Home > Asia, Photography, Travel Photography > Japan – Tokyo (a photo report)

Japan – Tokyo (a photo report)


In this inaugural post covering our recent three-week trip to Japan and Hong Kong, I will cover the vibrant, pulsating, and overwhelming city of Tokyo. We began and ended the Japan leg of our trip here, spending about four full days here, and could easily have done a week if given the opportunity.

Tokyo is a city of contrasts, and although it is not outwardly a beautiful city, it is one that rewards the intrepid urban explorer with scenes of utter urbanity right next to jaw-droppingly beautiful parks concealing peaceful shrines and temples.

NOTE If you are reading this in a news reader such as Google Reader, or inside Facebook on a tablet, you might want to open this in a dedicated browser window as the layout will work better.

When we first landed in Tokyo, it was an assault on the senses, but a very welcome one. Staying in Shinjuku that time meant that we were right in the heart of the restaurant and bar scene, and we wasted no time getting stuck into an izakaya (pub with food), visiting my favourite (tiny) bar “Albatross” in the Shomben Yokocho (“piss alley”) and ending up at a late-night ramen joint where we had to order through a vending machine.

 

The days we spent thereafter (on both visits) were spent covering a great deal of ground in both Western and Eastern Tokyo, and below is a selection of the experiences we had. As per usual there are many more photos to be found in the equivalent set over on Flickr so I do encourage you to check them out.
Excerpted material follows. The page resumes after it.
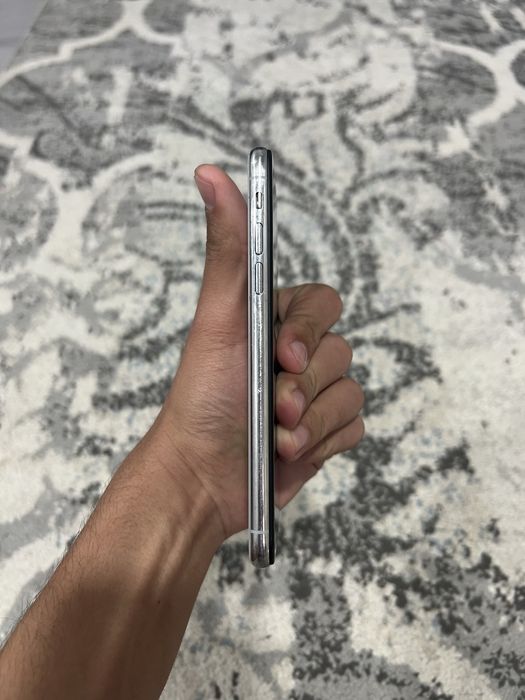 Iphone xs 256gb sotiladi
Yoyogi Park and the Meiji Shrine
As per last time I visited Tokyo, the first morning of our trip happened to be a Sunday, and the best thing to do on a Sunday if you are in West Tokyo is to head down to Yoyogi Park and the Meiji Shrine. The former because there are usually odd people about (more on that later) and the latter because there is usually a Shinto wedding or some other ceremony going on. We were in luck because (as on my last trip here) the Seven-Five-Three “middle childhood” blessings were taking place at the Meiji Shrine, which meant loads of adorable Japanese kids in kimonos with their elegant parents only too happy to pose for photos.

Shinto Wedding, Meiji Jingu

Shinto Wedding, Meiji Jingu

 

Near the Meiji Shrine is the Meiji Garden, which is well worth the ¥500 (£4) entry fee as it is a lovely imperial garden set around a teahouse and a small lake, lush with vegetation and with the maples just beginning to show the very first signs of the autumn colours (momiji), and with kimono-clad women laughing amongst themselves.
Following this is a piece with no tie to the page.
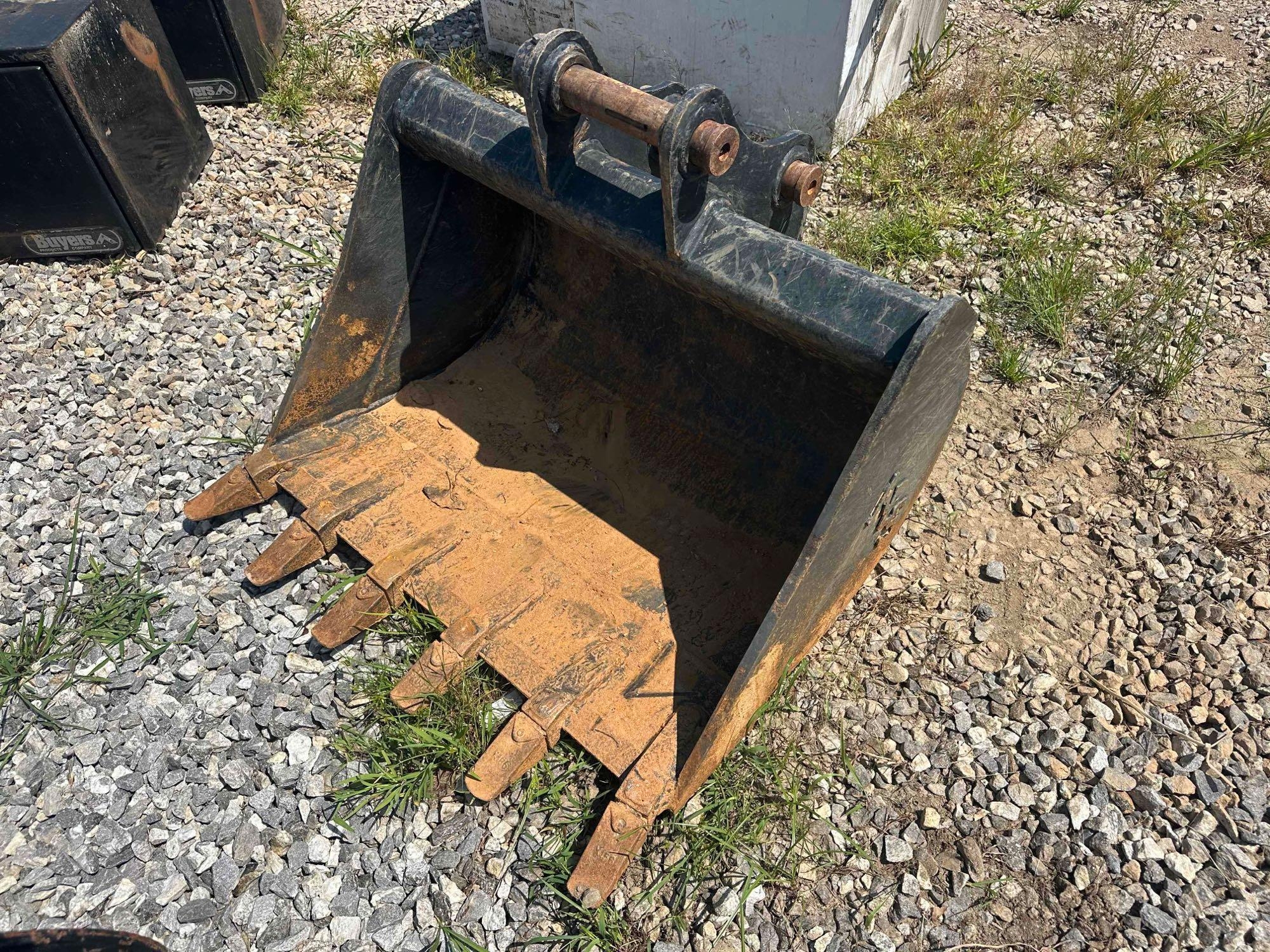36in Excavator Bucket (A51573)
Traditional Chrysanthemums outside Meiji Shrine

Traditional Chrysanthemums outside Meiji Shrine

The very first signs of autumn colour (momiji) in Meiji Gardens

The very first signs of autumn colour (momiji) in Meiji Gardens

Kimono-clad women laughing together, Meiji Garden

Kimono-clad women laughing together, Meiji Garden

 

Outside the Meiji Shrine and Garden is Yoyogi Park, a large green space providing some respite from the surrounding intense urbanity of Shinjuku, Harajuku and Shibuya. Yoyogi Park on Sundays typically means a mixture of different “tribal” groups coming out to play, such as the Tokyo Rockabilly Club (previously) and cosplay people dressed up in animal suits. But today was pretty quiet in the park, even for such a nice day, and so we were able to enjoy the gingko trees beginning to shed their leaves.
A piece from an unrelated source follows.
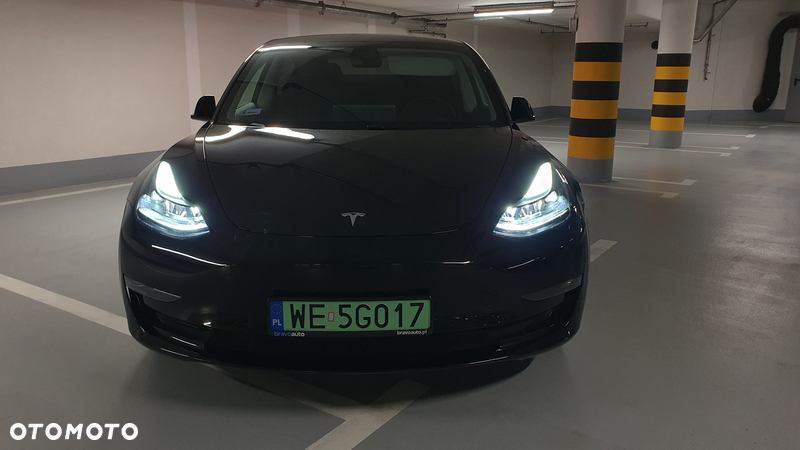 Tesla Model 3 Performance AWD - 17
Strangers, Tokyo Rockabilly Club, Yoyogi Park

Strangers, Tokyo Rockabilly Club, Yoyogi Park

Gingko trees beginning to drop, Yoyogi Park

Gingko trees beginning to drop, Yoyogi Park

Ueno Park and Yanaka

One afternoon towards the end of our trip we trekked up to Ueno Park, another haven of tranquility in the midst of the Tokyo sprawl. By this time the autumn colours had well and truly arrived in Tokyo, and it made a dramatic backdrop to the small shrines dotted amongst the park’s small hills and dales.

 

Near Ueno is an old neighbourhood (shitamachi) called Yanaka that is one of the last surviving pockets of low-rise “Old Tokyo” that remains. It is dotted with quiet market streets and various temples and shrines. In one of them we were approached by an 81-year-old man with good English who explained that there was a monument to a poet and his famous lover, a real beauty of her time, and that he had had the honour of hosting an actual blood descendant of the poet’s lover at the temple. We were suspicious at first but he gave us a print of a painting he had done to commemorate a line in the poem about someone letting a boy’s pet sparrow fly away. A lovely and odd little encounter, very Japanese.

 

Tokyo Sky Tree and Asakusa

A new addition since my last visit, the Tokyo SkyTree now looms over northeast Tokyo and you can use it to orient yourself wherever you might be, being that it is 684m / 2080ft tall. There are observation decks at 350m and (if you pay an extra 50%) at 450m. We attempted it one afternoon but were put off by extremely long queues. Returning the next morning we would have been OK if not for high winds causing restrictions to the operations of the lifts. More queueing ensued, and, in a very Japanese (i.e. crowded) fashion we finally got to go up the thing after a total time investment of four hours. Was the view worth it? Juuuuuuust barely. I am not sure I would go through that again; I imagine that for Tokyoites it’s somewhat the same as New Yorkers’ attitudes to the Empire State Building. Something for the tourists.

 

Much more rewarding is the other de rigeur visit of northeast Tokyo, which is to Asakusa and the Senso-ji temple therein, whose massive front gate complete with giant paper lantern is a symbol of Tokyo. A long street, packed with visitors sampling temple-themed pastries and deciding whether to buy plastic swords, leads back to an open space with another large gate, a five-story pagoda, and the main hall. All around are places to determine your fortune, often by donating a ¥100 coin and gaining the privilege of shaking a stick out of a tin, then matching the script on the stick with a series of drawers, retrieving a piece of paper with your individual fortunes. Our fortunes were mixed, but Nicola’s prophetically told of success in marriage awaiting her…

 

Tsukiji Fish Market

Something I missed last time around is the famous fish market of Tsukiji, in southeastern Tokyo. It was imperative that we visit it this time, as evidence continues to mount that the current, rather organically-grown market will be shuttered in the next couple of years, moved to some brand-spanking-new state-of-the-art facility where the real work will go on at ground level and tourists will be confined to some overhead gallery. Which is, on balance, appropriate given that it’s a wholesale market and the tourists just get in the way in the old setup, but I would have felt robbed had we not been able to wander around the tiny lanes, dodging motorcarts and stepping around discarded tuna heads, interacting with the market sellers and watching the meticulous process of filleting a sea eel up close. Behind glass and/or upstairs from the action will be a very different kettle of fish indeed.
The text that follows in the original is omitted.